▸ **WHAT YOU NEED TO DO**: An exact transcription is needed of the lines below from the one with "5900 22nd Avenue N - Photo Thumbnail 10" through the one with "Los Reyes Magos", with no other lines and no pictures.

▸ **DATA UNDER STUDY**:
--------------------------------------------------
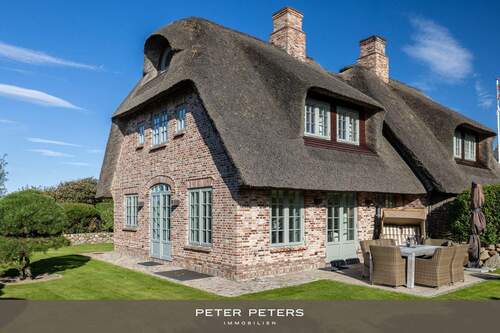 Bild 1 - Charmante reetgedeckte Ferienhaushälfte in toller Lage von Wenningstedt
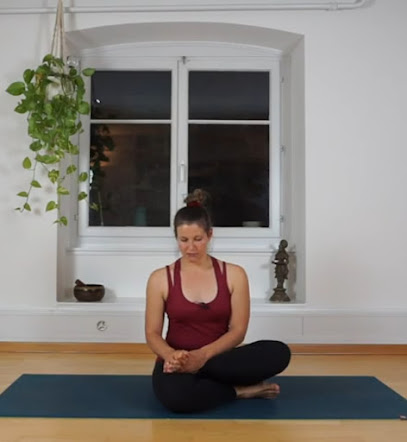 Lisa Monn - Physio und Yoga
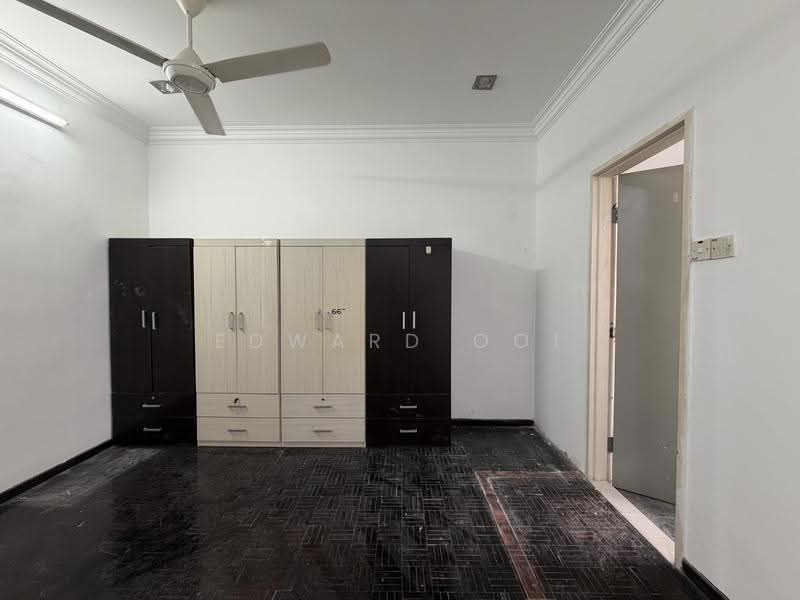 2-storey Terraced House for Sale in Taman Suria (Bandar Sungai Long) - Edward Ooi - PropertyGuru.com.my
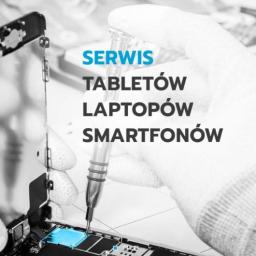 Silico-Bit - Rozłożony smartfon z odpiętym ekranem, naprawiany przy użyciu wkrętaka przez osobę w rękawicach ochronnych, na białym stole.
--------------------------------------------------
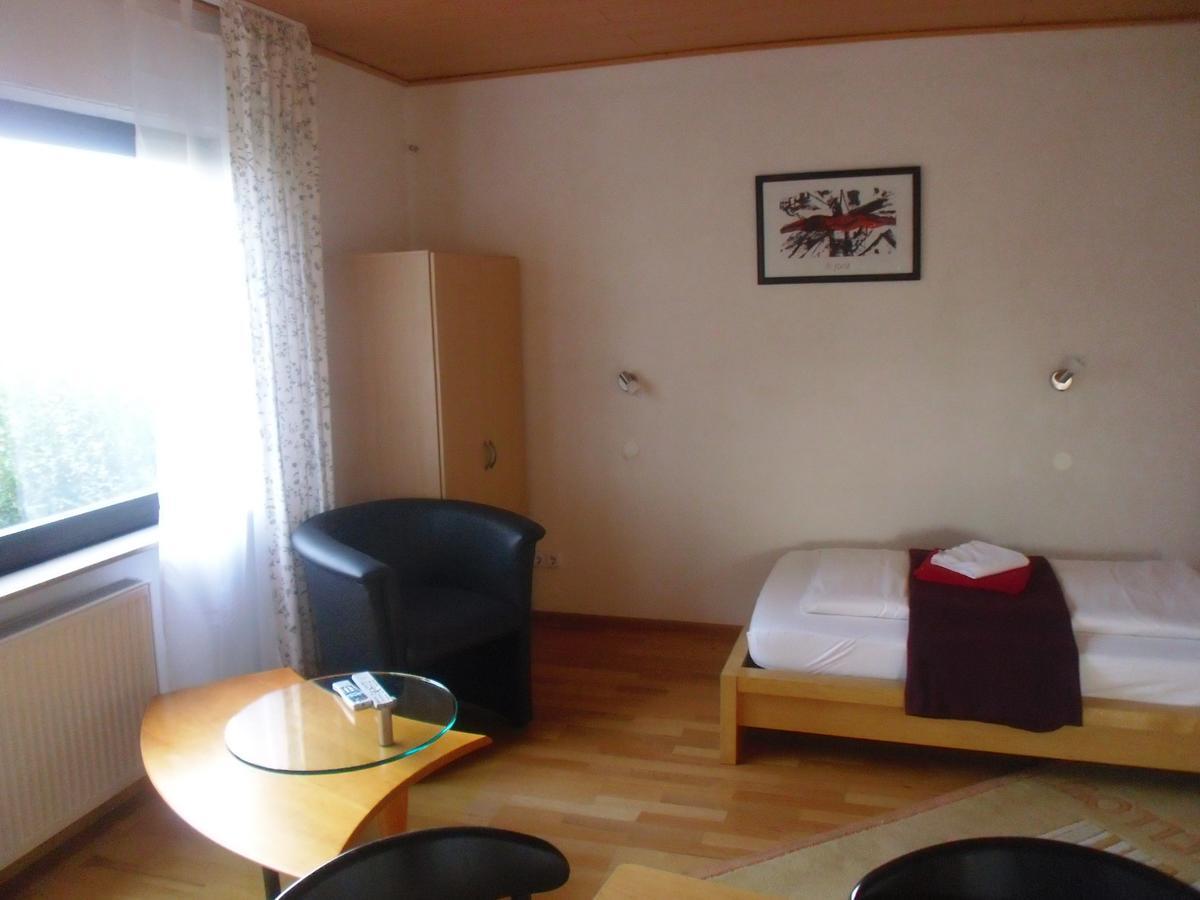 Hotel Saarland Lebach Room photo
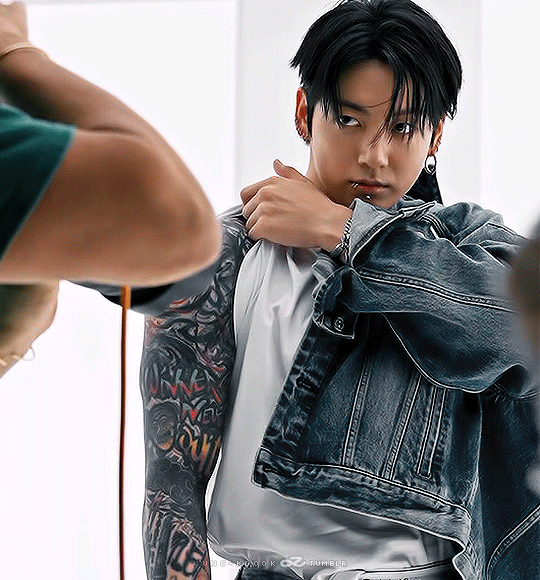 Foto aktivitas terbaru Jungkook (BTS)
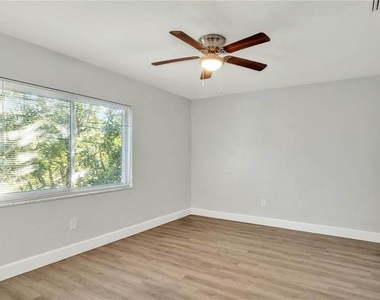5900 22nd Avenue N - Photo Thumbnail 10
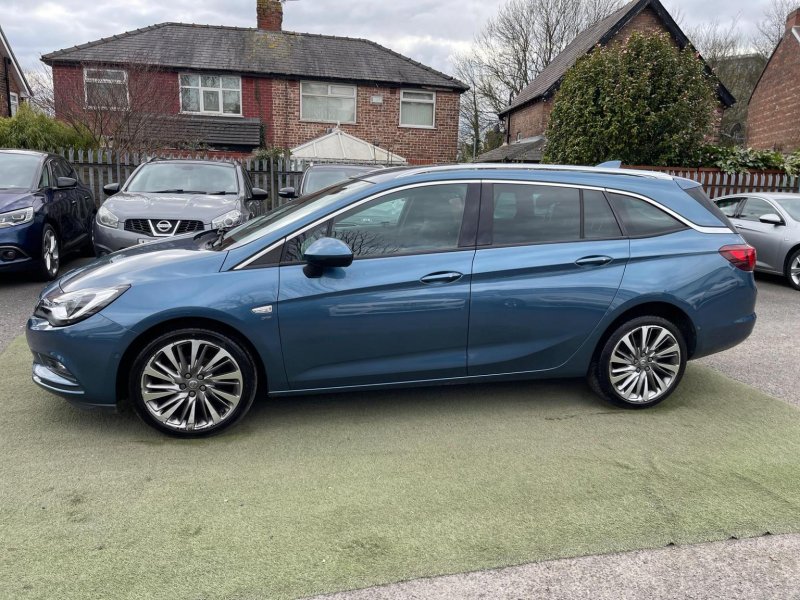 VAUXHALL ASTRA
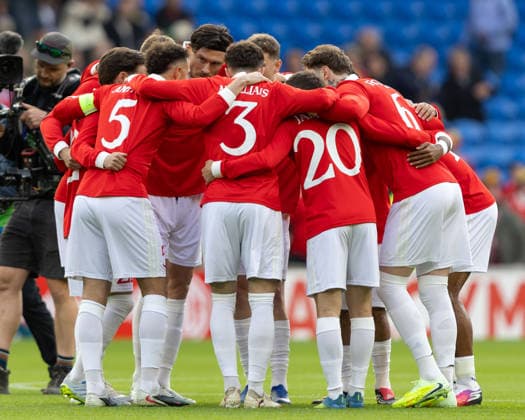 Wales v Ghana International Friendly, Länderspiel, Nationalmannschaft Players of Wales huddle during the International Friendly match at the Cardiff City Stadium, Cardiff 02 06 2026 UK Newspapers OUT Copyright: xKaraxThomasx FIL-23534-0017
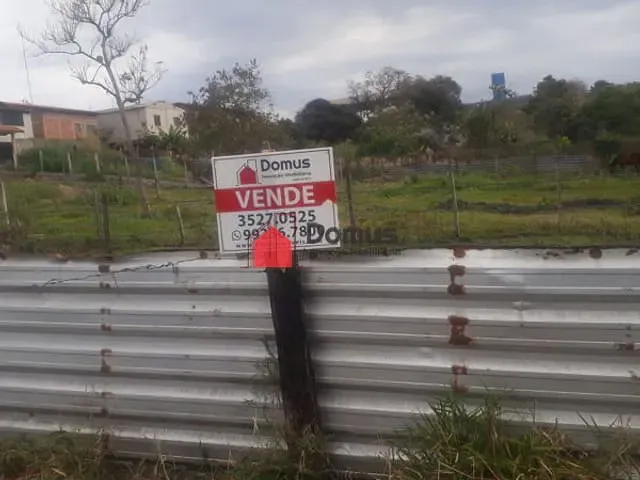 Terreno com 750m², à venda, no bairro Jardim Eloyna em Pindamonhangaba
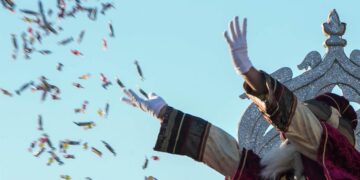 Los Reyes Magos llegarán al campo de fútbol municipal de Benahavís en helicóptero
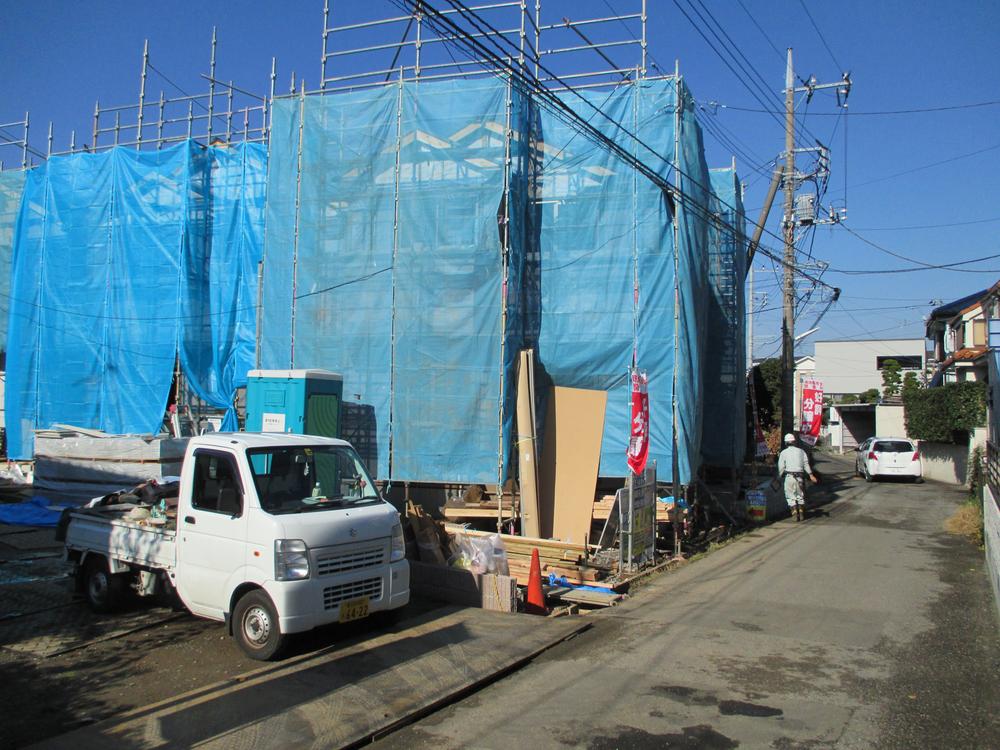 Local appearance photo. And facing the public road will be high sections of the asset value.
--------------------------------------------------
▸ **EXERCISE OUTPUT**:
5900 22nd Avenue N - Photo Thumbnail 10
 VAUXHALL ASTRA
 Wales v Ghana International Friendly, Länderspiel, Nationalmannschaft Players of Wales huddle during the International Friendly match at the Cardiff City Stadium, Cardiff 02 06 2026 UK Newspapers OUT Copyright: xKaraxThomasx FIL-23534-0017
 Terreno com 750m², à venda, no bairro Jardim Eloyna em Pindamonhangaba
 Los Reyes Magos llegarán al campo de fútbol municipal de Benahavís en helicóptero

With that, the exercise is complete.